Running from a cruel and ignorant father -- as well as the uncertainty and guilt surrounding the death of her mother years earlier -- 14-year-old Lily Owens (Dakota Fanning) rescues Rosaleen (Jennifer Hudson), a nanny who's become a fugitive, and sets out on a journey to find a place for herself in the world, as well as answers to questions about her mother's love. It's South Carolina in 1964: The president has just signed landmark Civil Rights legislation, and racial tensions are running high. Guided by some of Lily's mother's mementos, Lily and Rosaleen find their way to the home of the Boatwrights, a family of African-American women who run a thriving honey farm. Matriarch August Boatwright (Queen Latifah), takes the runaways in and, along with an assorted group of family and friends, provides them with a home, a heart, and answers.
Is it any good?
Director/writer Gina Prince-Bythewood is nothing if not earnest in her attempt to bring Sue Monk Kidd's heartwarming novel to the screen. The visuals in THE SECRET LIFE OF BEES pay tribute to the beauty of the South, its warm "honey" tones and thick, sweet air. The music is particularly wonderful and enriches the film's emotional core.

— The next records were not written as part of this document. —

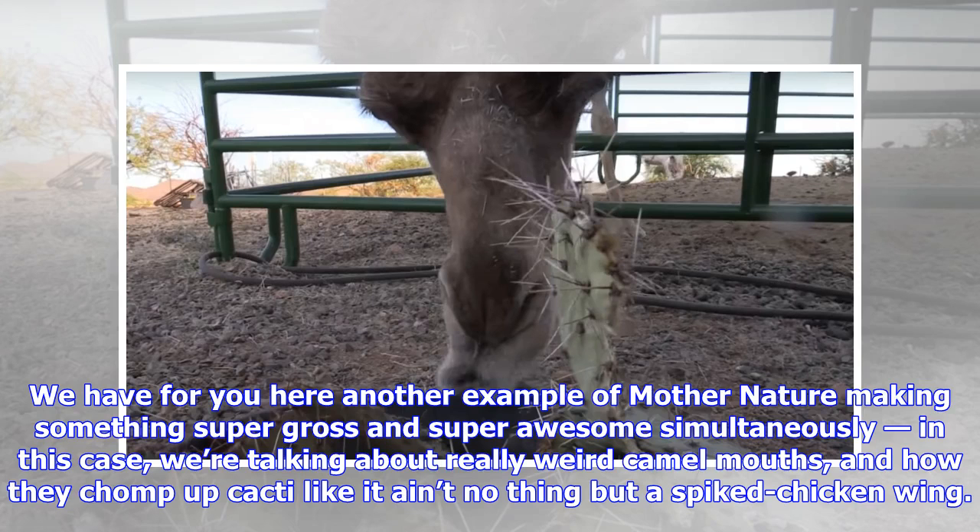We have for you here another example of mother nature making something super gross and super awesome simultaneously. In this case, we are talking about really weird camel mouths and how they chomp up cacti like it ain't no thing but a spiked chicken wing.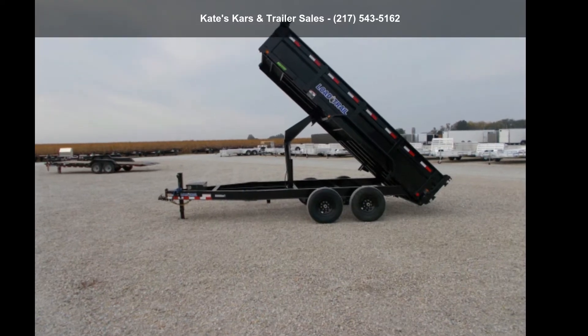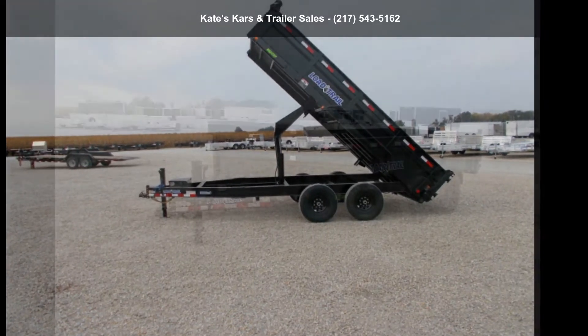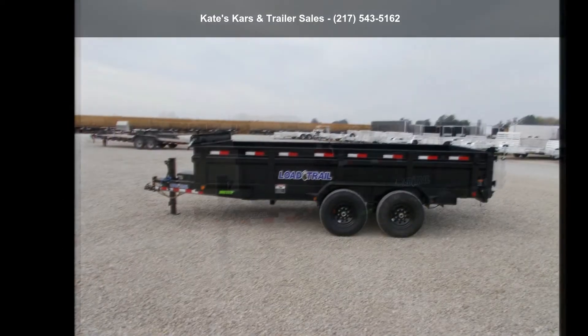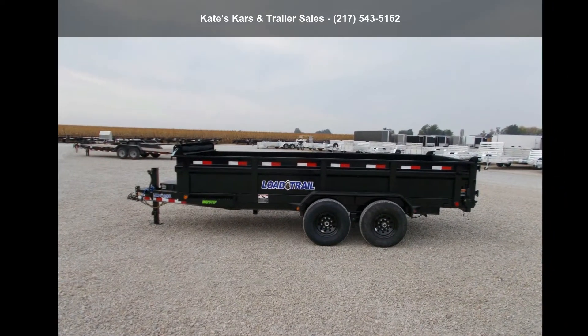Up for sale is a Load Trail 2022 Dump Trailer, 83x16, 14K Scissor Hoist, Max Step. If you are looking for a reliable trailer, this may be the one.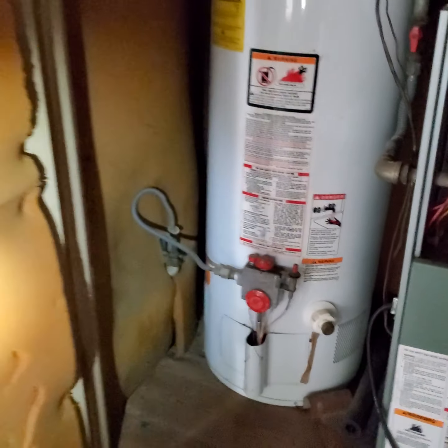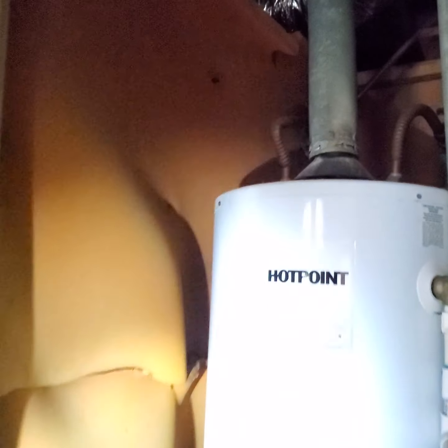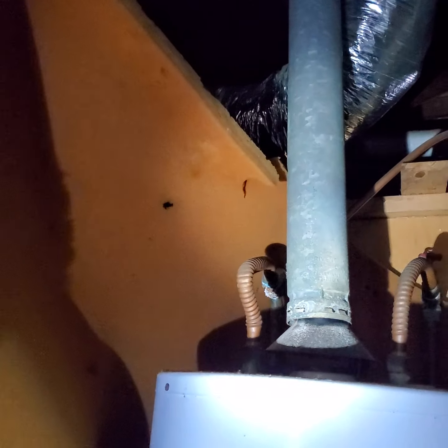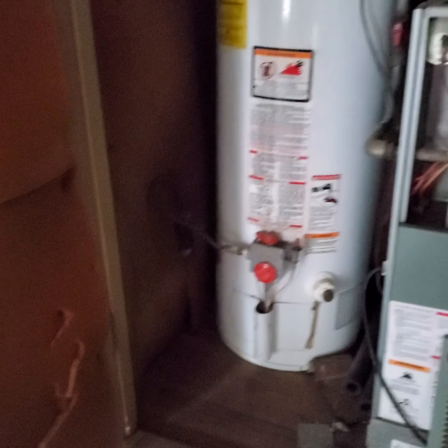And this whole closet is lined in foam rubber — like little squishy foam. The whole thing, including the inside which has fallen down and is now touching the exhaust stack for the water heater. Both doors, in close proximity to the burner, are covered in foam.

But it's not a fully successful dramatization because the movie's heroes are almost all saintly and perfect, speaking in timeless homilies and maxims. The villains, on the other hand, are unrelentingly bad. Only Lily has the nuance of character that makes a movie more a work of art than a lesson to be learned.
Talk to your kids about ...
Families can talk about the movie's messages. More than 40 years have passed since the events in the film took place. How have racial politics changed? How haven't they? Families can also discuss what Lily was looking for when she left home. Why did she take Rosaleen with her? How did Lily's innocent acceptance of her African-American friends get them in trouble? Do the filmmakers show that Lily's father learned a lesson? Parents and teens who've read the book the movie is based on can compare and contrast the two. Which do you like better? Why?